Developing a Noncompete Agreement: 4 Best Practices for 2022, Part 1
August 1st, 2022
In 2022, the noncompete agreement is becoming increasingly difficult to implement or enforce due to a variety of factors: state law, trends in court findings, and pressure from the federal level. A significant number of states are passing laws to limit or completely prohibit any noncompete agreements. These laws don’t just apply to an employee signing a noncompete today. They often retroactively protect employees who signed a noncompete agreement previously. Courts in nearly every state have built track records of throwing out the agreements because they don’t want businesses to prevent employees from earning their full potential in their chosen field. Guidance surrounding noncompetes is often to review and update them with legal counsel to ensure they’re articulating a legitimate business interest in protecting client lists, products, or services. Agreements encompassing an extended period of time, too wide a geographical area, or solely focused on hobbling an employee from competing or working for a competitor are likely to be rewritten or thrown out by a judge. In part one of this two-part series, MP’s HR experts share best practices every employer should know for 2022 noncompete agreements.

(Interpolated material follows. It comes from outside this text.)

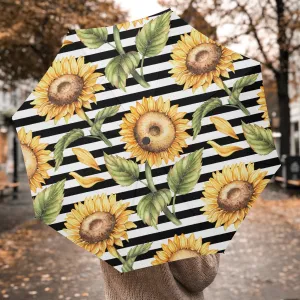 Sunflower Striped Travel Umbrella – Auto Open/Close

2 Best Practices for a Noncompete Agreement
1. Review state laws.
There is no federal protection for workers against noncompete agreements. However, states vary in their governance of noncompete agreements. (Note that 48 states and Washington, D.C. have adopted the Uniform Trade Secrets Act, UTSA, at least partially. This Act codifies common law trade secret protection and offers employers some protection, even in states like California.) Organizations with remote employees should work with an HR expert (like the ones at MP) or an employment lawyer to ensure compliance in every state where they have workers. In June 2022, the National Labor Relations Board (NLRB) announced a partnership with the Federal Trade Commission to examine and act upon unfair labor practices, including one-sided non-compete agreements. In the past few years, more state governments have started passing laws to limit or completely nullify noncompetes for employers and employees. These are six examples:
- California and Washington have laws that void noncompete clauses in and out of state. Employers should not try to develop noncompete agreements for employees working in these states or for organizations headquartered in these states.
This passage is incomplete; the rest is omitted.